エネルギーインフラ海外展開FS補助金(R5)の要点まとめ
| 項目 | 内容 |
|---|---|
| 申請者 | 事業者(法人。海外エネルギーインフラ事業のFS〈実現可能性調査〉を行う日本企業) |
| 制度名 | 令和5年度質の高いエネルギーインフラの海外展開に向けた事業実施可能性調査事業費補助金(FS実施事業者の募集) |
| 対象業種 | 全業種(エネルギーインフラ関連企業) |
| 利用目的 | 海外エネルギーインフラ事業の実現可能性調査(FS) |
| 対象地域 | 全国 |
| 従業員数 | 規定なし |
| 補助上限額 | 5,000万円 |
| 補助率 | 公式ページに記載なし(経済産業省へお問い合わせください) |
| 申請受付 | 2023年6月2日で受付終了 |
| 公式サイト | 資源エネルギー庁「質の高いインフラ(エネルギーインフラ)の海外展開に向けた事業実施可能性調査事業」 |

対象になる調査、ならない調査
- 対象になる:日本企業が開発途上国等で計画する発電所・送電網・エネルギーマネジメントシステム等のエネルギーインフラ事業について、事業として成立するかを検証する調査
- 対象にならない:交通・通信・都市開発等、エネルギー分野以外のインフラ事業(これは一般のインフラFS補助金の対象領域です)

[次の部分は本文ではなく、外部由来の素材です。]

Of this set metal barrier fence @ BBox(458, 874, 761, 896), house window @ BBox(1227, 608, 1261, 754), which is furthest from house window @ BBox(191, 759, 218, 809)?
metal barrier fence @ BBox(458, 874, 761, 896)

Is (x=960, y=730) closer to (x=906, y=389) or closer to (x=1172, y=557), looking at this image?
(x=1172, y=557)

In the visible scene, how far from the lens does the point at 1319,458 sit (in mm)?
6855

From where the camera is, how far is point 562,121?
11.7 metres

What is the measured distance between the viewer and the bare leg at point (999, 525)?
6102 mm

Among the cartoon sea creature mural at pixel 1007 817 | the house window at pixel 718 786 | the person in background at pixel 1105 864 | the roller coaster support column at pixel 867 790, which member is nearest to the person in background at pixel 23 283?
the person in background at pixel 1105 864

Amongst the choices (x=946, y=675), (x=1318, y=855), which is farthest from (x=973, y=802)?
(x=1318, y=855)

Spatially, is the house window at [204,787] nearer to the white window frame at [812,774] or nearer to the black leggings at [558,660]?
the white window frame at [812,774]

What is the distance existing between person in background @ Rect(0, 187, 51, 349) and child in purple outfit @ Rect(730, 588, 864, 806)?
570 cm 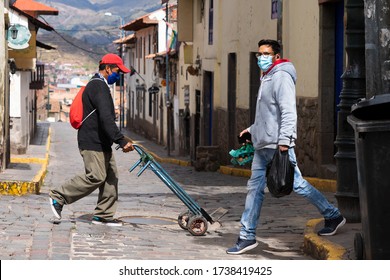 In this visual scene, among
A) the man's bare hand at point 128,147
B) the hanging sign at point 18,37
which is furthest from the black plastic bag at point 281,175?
the hanging sign at point 18,37

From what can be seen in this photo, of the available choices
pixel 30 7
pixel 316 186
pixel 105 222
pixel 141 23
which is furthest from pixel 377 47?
pixel 141 23

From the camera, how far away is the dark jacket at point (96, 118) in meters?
10.2

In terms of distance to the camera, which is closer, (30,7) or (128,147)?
(128,147)

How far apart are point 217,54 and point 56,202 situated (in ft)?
62.8

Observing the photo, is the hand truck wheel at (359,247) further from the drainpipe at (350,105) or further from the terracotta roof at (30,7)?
the terracotta roof at (30,7)

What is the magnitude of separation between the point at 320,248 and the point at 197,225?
6.22 feet

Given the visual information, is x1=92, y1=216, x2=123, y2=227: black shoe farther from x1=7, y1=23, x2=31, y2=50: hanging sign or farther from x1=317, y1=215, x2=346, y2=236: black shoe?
x1=7, y1=23, x2=31, y2=50: hanging sign

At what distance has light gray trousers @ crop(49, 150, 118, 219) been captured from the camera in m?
10.3

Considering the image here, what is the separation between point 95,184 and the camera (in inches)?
407

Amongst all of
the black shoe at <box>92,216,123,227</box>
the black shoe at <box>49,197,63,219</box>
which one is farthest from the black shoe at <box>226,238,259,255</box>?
the black shoe at <box>49,197,63,219</box>

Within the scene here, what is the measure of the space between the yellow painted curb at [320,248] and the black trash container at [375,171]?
1.31m

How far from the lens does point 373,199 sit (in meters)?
6.45

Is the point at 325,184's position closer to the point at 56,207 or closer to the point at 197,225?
the point at 197,225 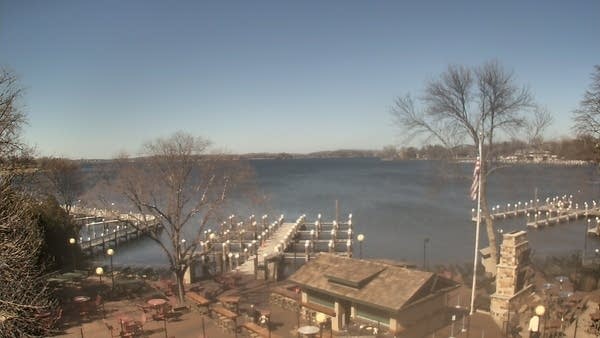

「インフラFS補助金」と名前だけで判断すると、対象分野を取り違える可能性があります。 エネルギー分野に特化しているかどうかは、事業の中身で確認する必要があります。
よくある誤解されるポイント
前述の「質の高いインフラの海外展開に向けた事業実施可能性調査事業費補助金」(本バッチの別記事)と受付締切が同じ2023年6月2日で、事務局も同じ凸版印刷株式会社が担っていました。名前が近く受付時期も重なるため、どちらの分野の事業を計画しているかで応募先を分ける必要があります。
よくある質問
今から申請できますか?
できません。2023年6月2日で受付を終了しています。同種の後継公募は資源エネルギー庁・経済産業省の公募情報ページで告知されます。
発電以外のエネルギー関連事業も対象になりますか?
送電網整備やエネルギーマネジメントシステムなど、発電以外のエネルギーインフラも対象に含まれるとみられます。
一般のインフラFS補助金と両方に応募できますか?
事業の内容がエネルギー分野かどうかで応募先が分かれる制度設計とみられ、同一事業で両方に応募することは想定されていない可能性があります。